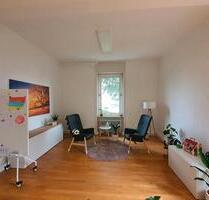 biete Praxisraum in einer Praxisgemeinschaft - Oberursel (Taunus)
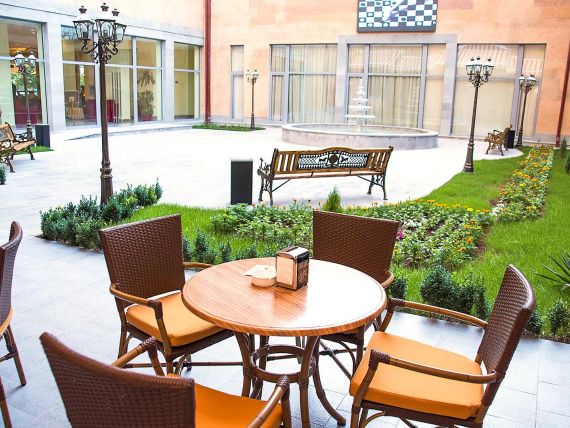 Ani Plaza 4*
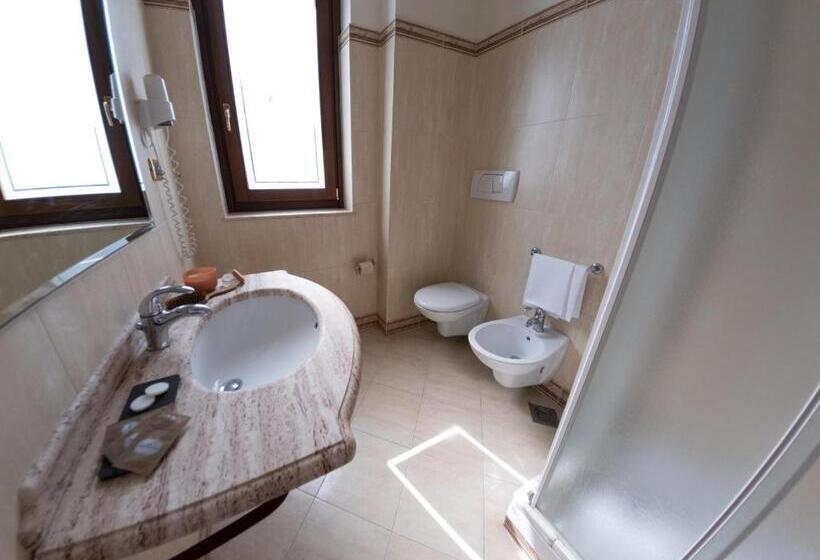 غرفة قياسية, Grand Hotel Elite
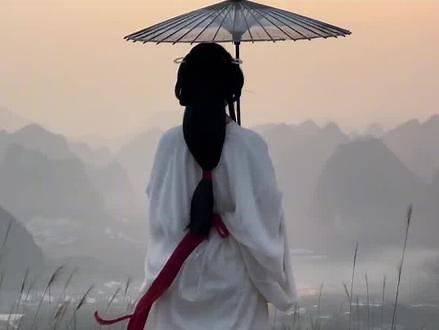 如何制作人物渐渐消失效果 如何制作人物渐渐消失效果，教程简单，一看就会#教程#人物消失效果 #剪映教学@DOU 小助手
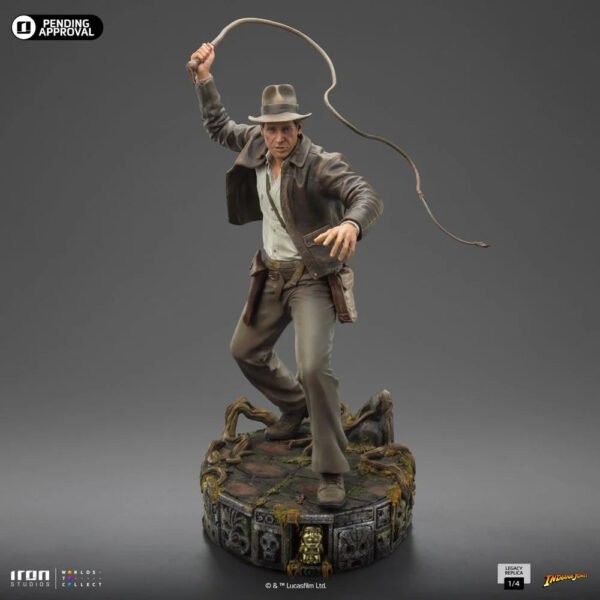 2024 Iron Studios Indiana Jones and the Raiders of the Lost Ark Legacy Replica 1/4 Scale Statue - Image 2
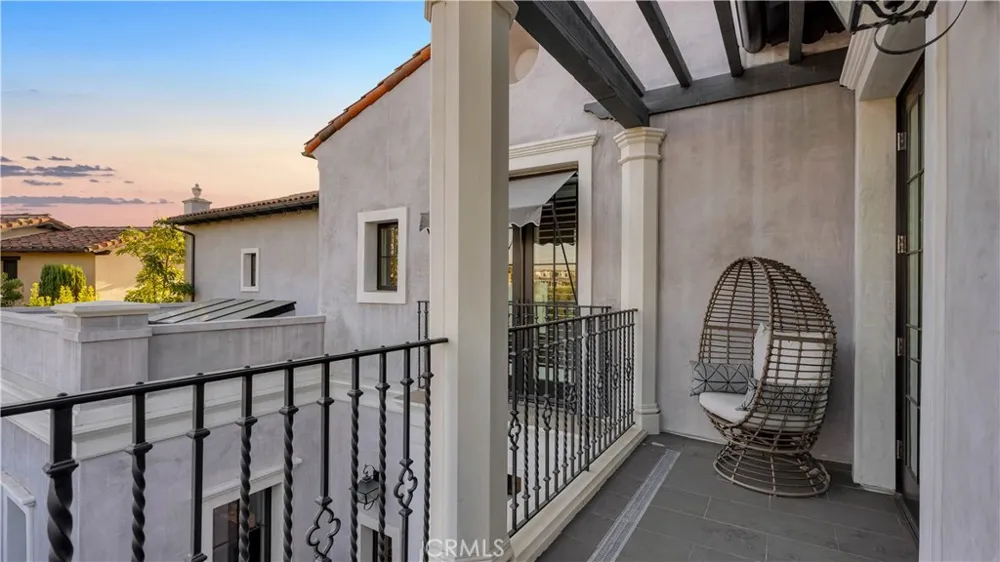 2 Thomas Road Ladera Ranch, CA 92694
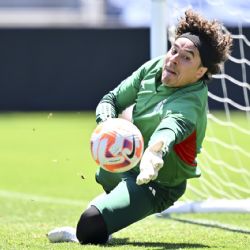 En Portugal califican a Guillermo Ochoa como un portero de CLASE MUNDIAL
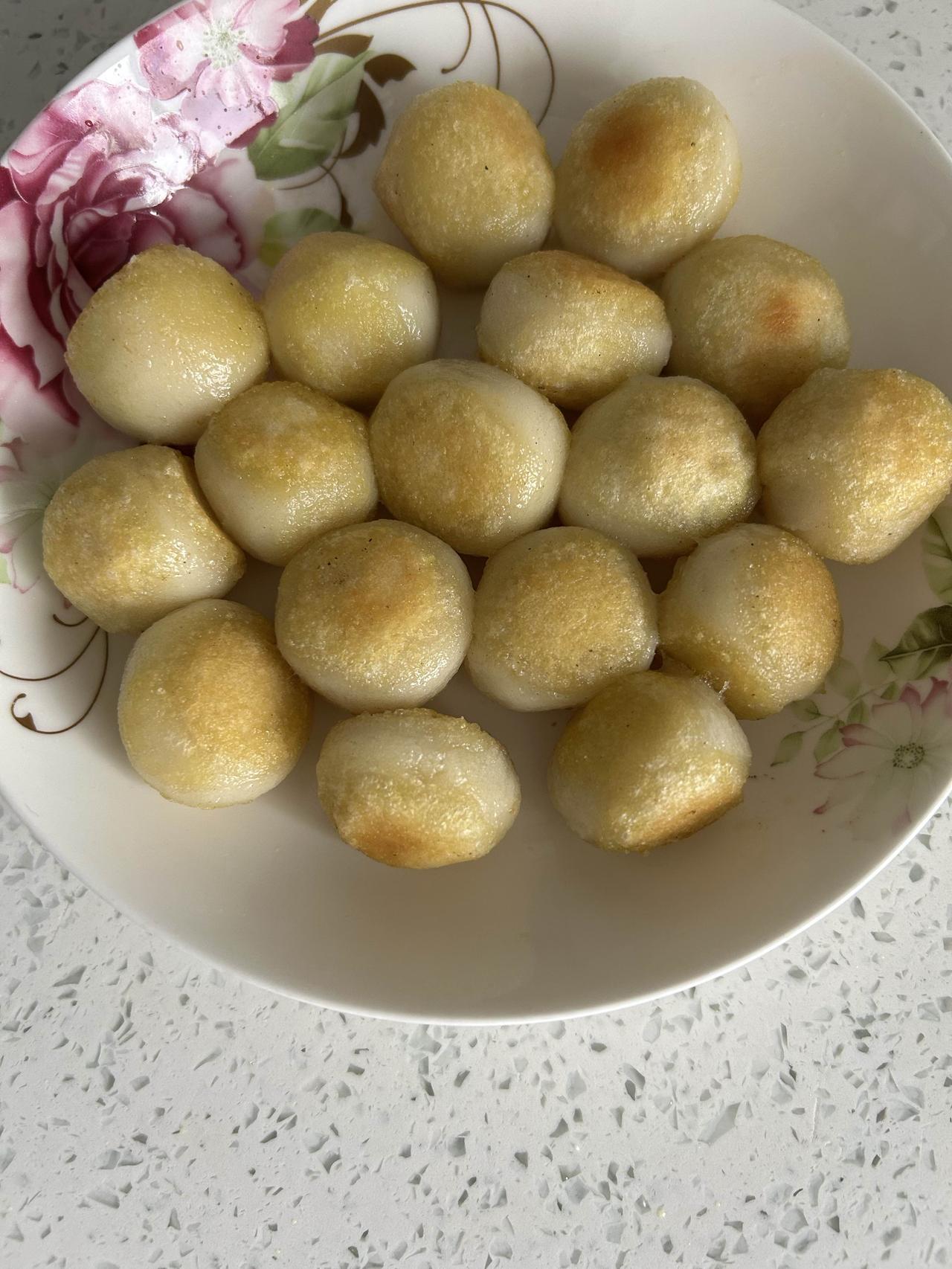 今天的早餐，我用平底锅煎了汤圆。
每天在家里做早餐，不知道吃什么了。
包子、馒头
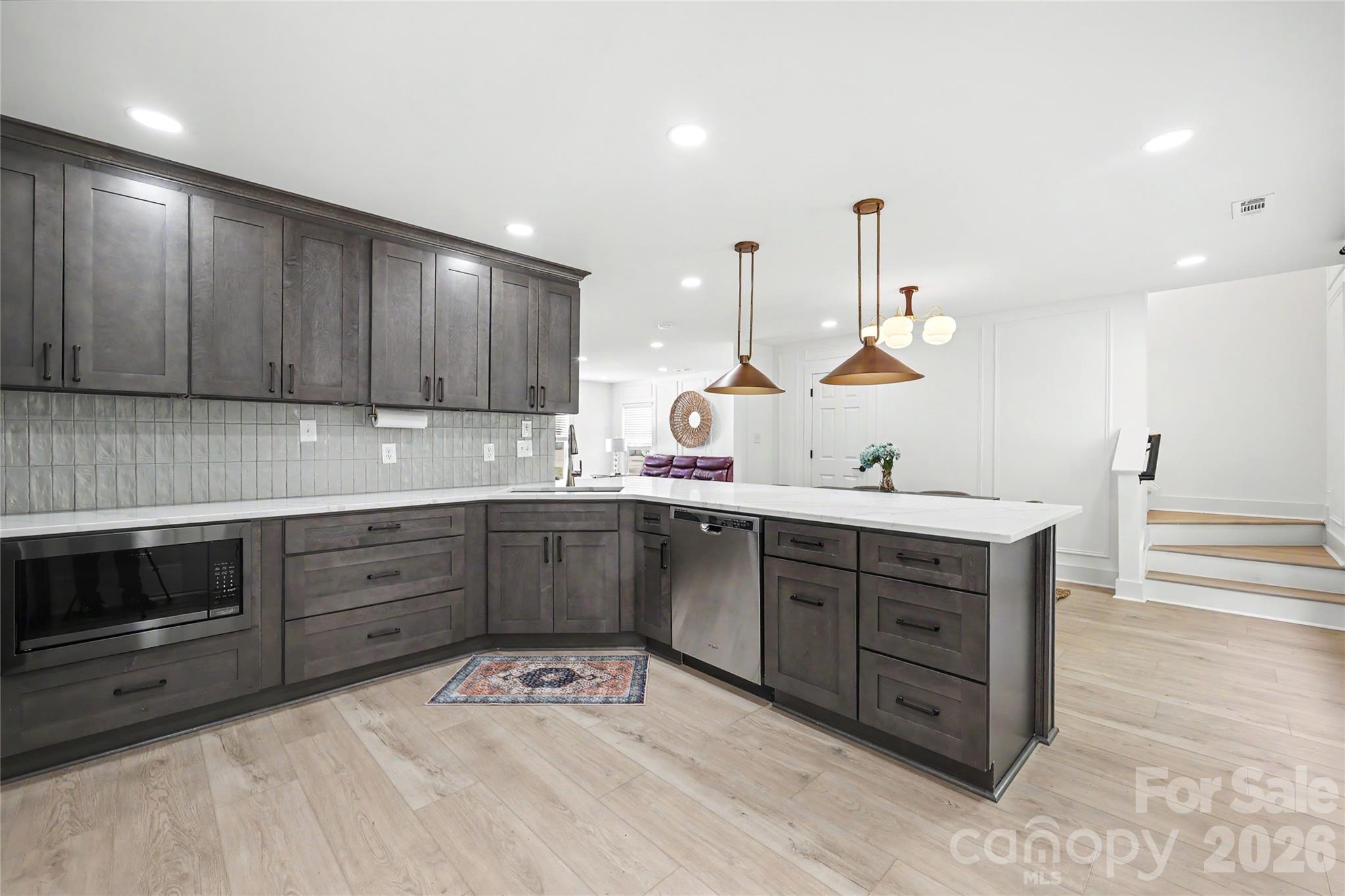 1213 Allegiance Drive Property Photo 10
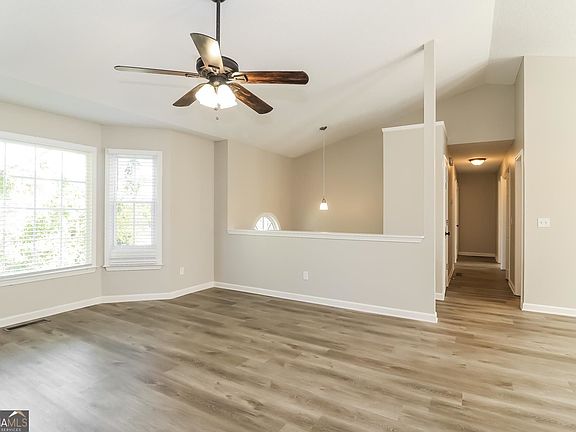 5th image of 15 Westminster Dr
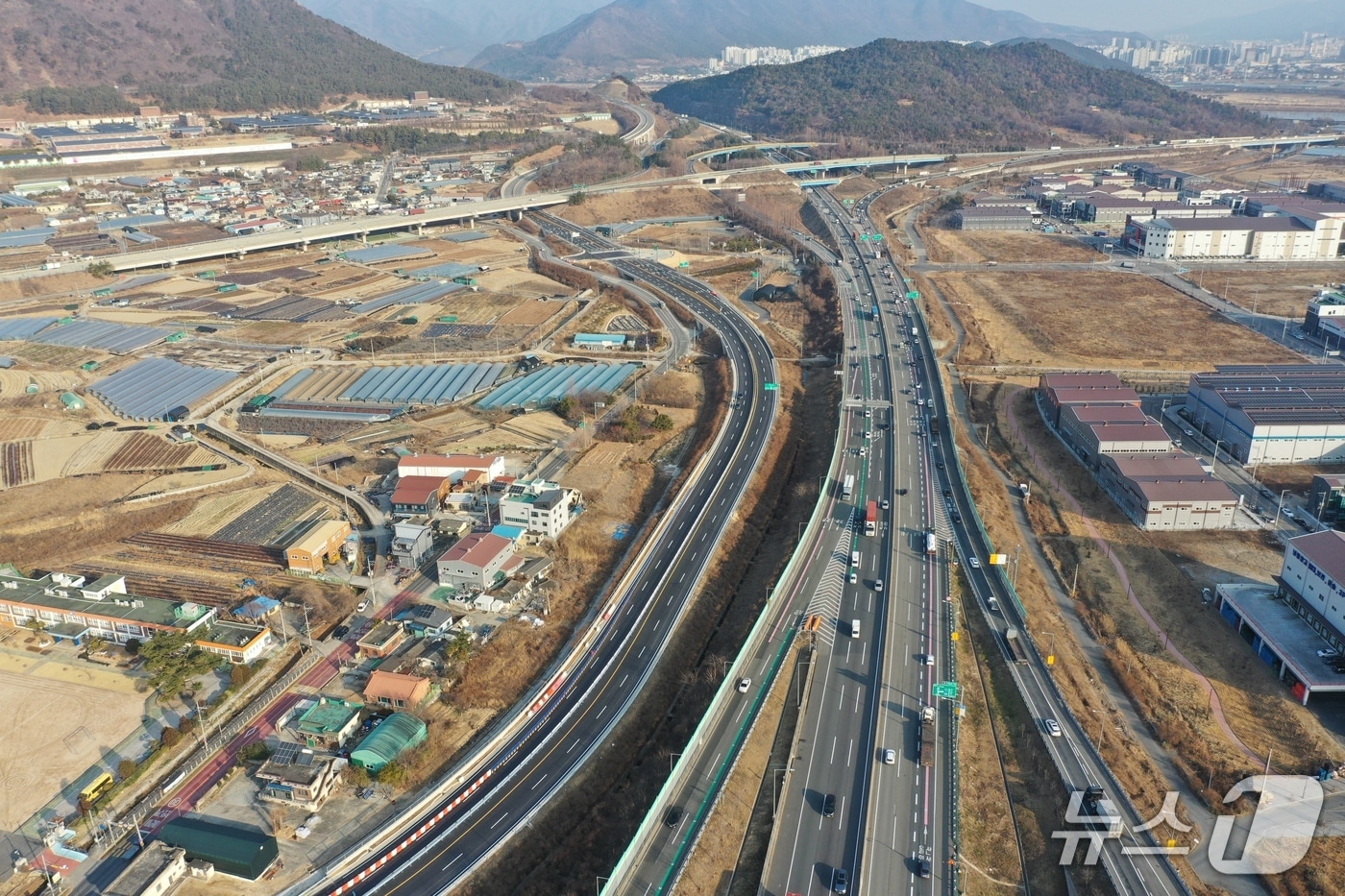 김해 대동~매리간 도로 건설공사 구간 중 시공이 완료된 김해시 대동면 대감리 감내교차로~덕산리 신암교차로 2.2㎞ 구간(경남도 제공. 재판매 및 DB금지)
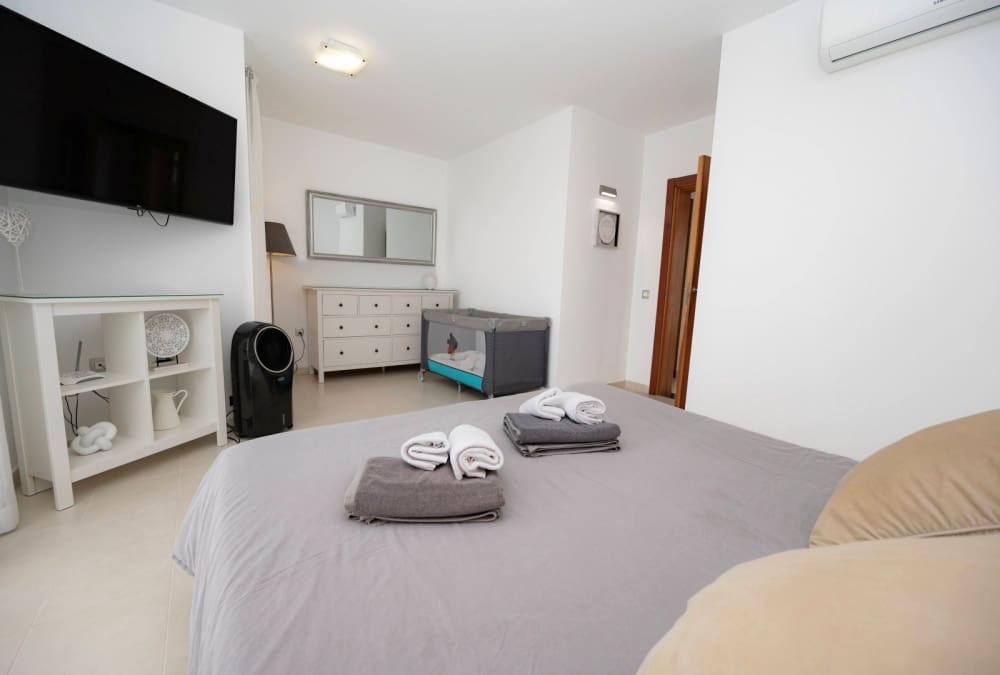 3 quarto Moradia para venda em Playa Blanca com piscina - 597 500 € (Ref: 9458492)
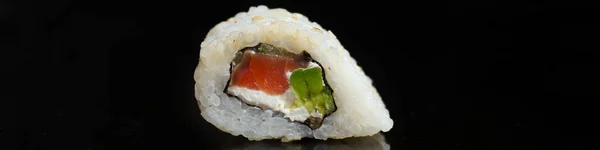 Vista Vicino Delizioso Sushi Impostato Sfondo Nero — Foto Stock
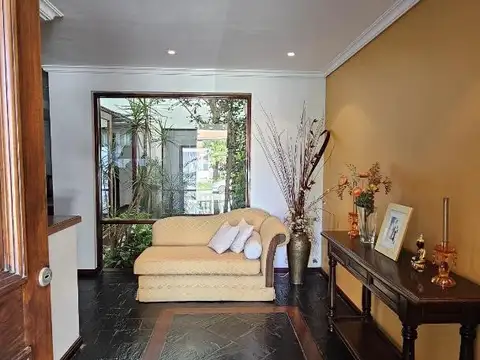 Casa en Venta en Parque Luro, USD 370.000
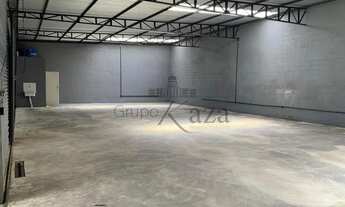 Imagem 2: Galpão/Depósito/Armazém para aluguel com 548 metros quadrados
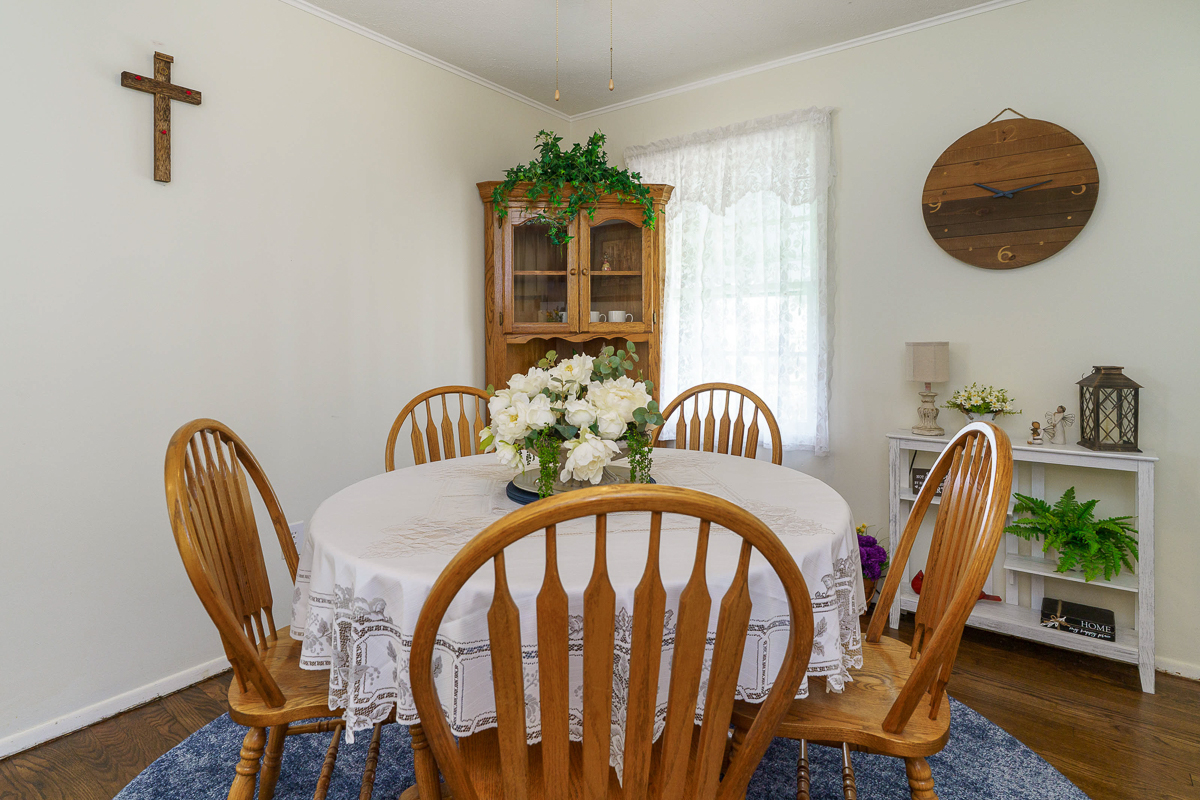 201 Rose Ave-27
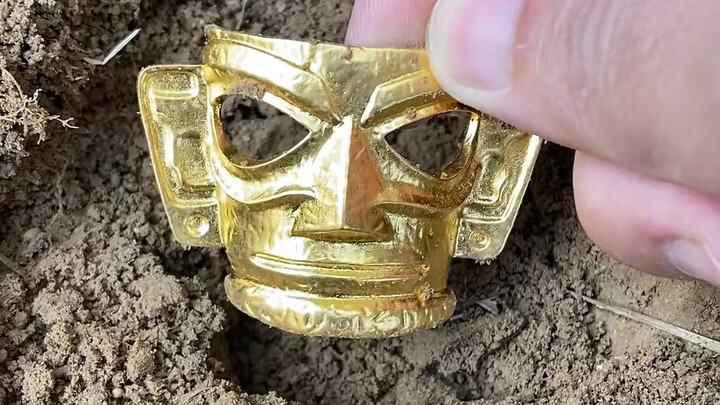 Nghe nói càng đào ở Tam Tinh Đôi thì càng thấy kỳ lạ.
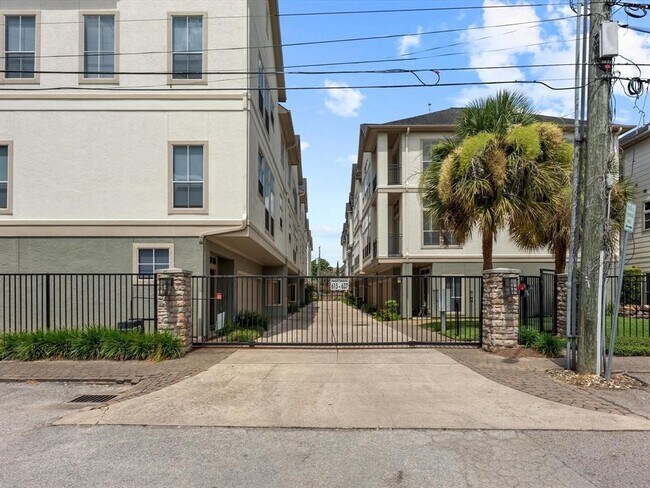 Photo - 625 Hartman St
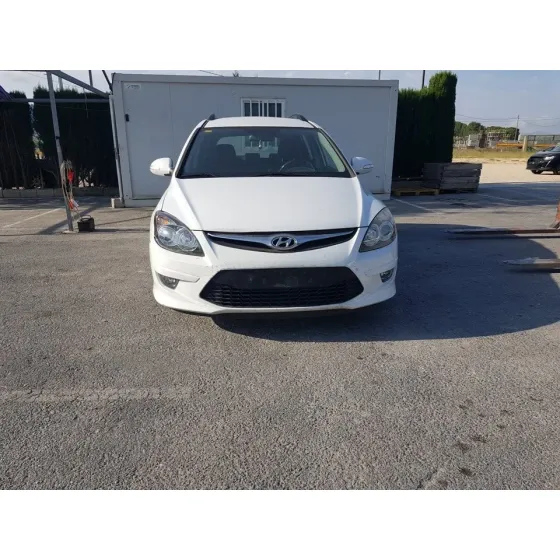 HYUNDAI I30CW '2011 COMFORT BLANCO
- - - -
# [Problem]
Repeat, exactly and only, the lines from the one containing "3 quarto Moradia" through the final line of the data, both ends included, leaving out any picture.

# [Written solution]
 3 quarto Moradia para venda em Playa Blanca com piscina - 597 500 € (Ref: 9458492)
 Vista Vicino Delizioso Sushi Impostato Sfondo Nero — Foto Stock
 Casa en Venta en Parque Luro, USD 370.000
 Imagem 2: Galpão/Depósito/Armazém para aluguel com 548 metros quadrados
 201 Rose Ave-27
 Nghe nói càng đào ở Tam Tinh Đôi thì càng thấy kỳ lạ.
 Photo - 625 Hartman St
 HYUNDAI I30CW '2011 COMFORT BLANCO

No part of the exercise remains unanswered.